After the death of his wife in a shopping mall that he works at as a security cop, Harry Caine (John Turturro) is obsessed with finding out who killed her and why as he continuously searches through various security footage and pictures to find answers. After a friend in Phil (Stephen McIntyre) gives a video tape where Caine witnesses how his wife was killed as authorities ask him if his wife knew anyone. Caine suspects that the home that is across from his might know something due to surreal images he breaks in to find a strip of film on the floor. After uncovering the pictures that features a woman (Deborah Kara Unger) and a child, he learns that the pictures are from Montana as he travels to a small town to find answers.
Meanwhile, a lieutenant police officer named Peter Northrup (James Remar) has just been given a special award for his duties as his wife Kate watches in awe. Yet, Peter just learned that Harry is looking for Kate based on the photo he has where he reveals to his superiors about why Harry is here. With Harry getting closer to finding answers while dealing with the strange images in his head. He and Peter finally meet to discuss what happened to Harry’s wife.

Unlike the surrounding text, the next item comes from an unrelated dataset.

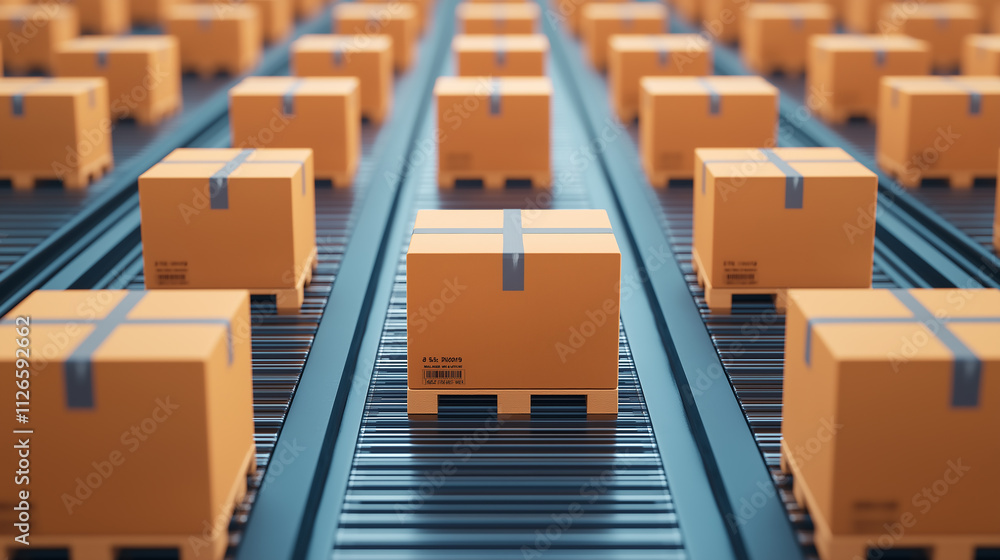 Automated package sorting process warehouse digital industrial setting aerial view efficiency and logistics insight Automated package sorting process warehouse digital industrial setting aerial view efficiency and logistics insight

The film is about a security mall cop who tries to figure out who killed his wife and why where he goes into this strange obsession to finding out who her killer is while a small town cop from Montana might have the answers. The film is about simply about fear, the fear of finding some awful truths and the fear of the guilt that is sweeping into a character. While it’s a premise that is interesting, screenwriters Nicolas Winding Refn and Hubert Selby Jr. don’t exactly create a payoff that is satisfying. While the first half of the story has this amazing narrative that follows Harry Caine weaving his way to find answers. The narrative then shifts a bit where Caine arrives in Montana as the focus is on this other man where things become messy and their eventual confrontation ends up being followed by moments that don’t make any sense.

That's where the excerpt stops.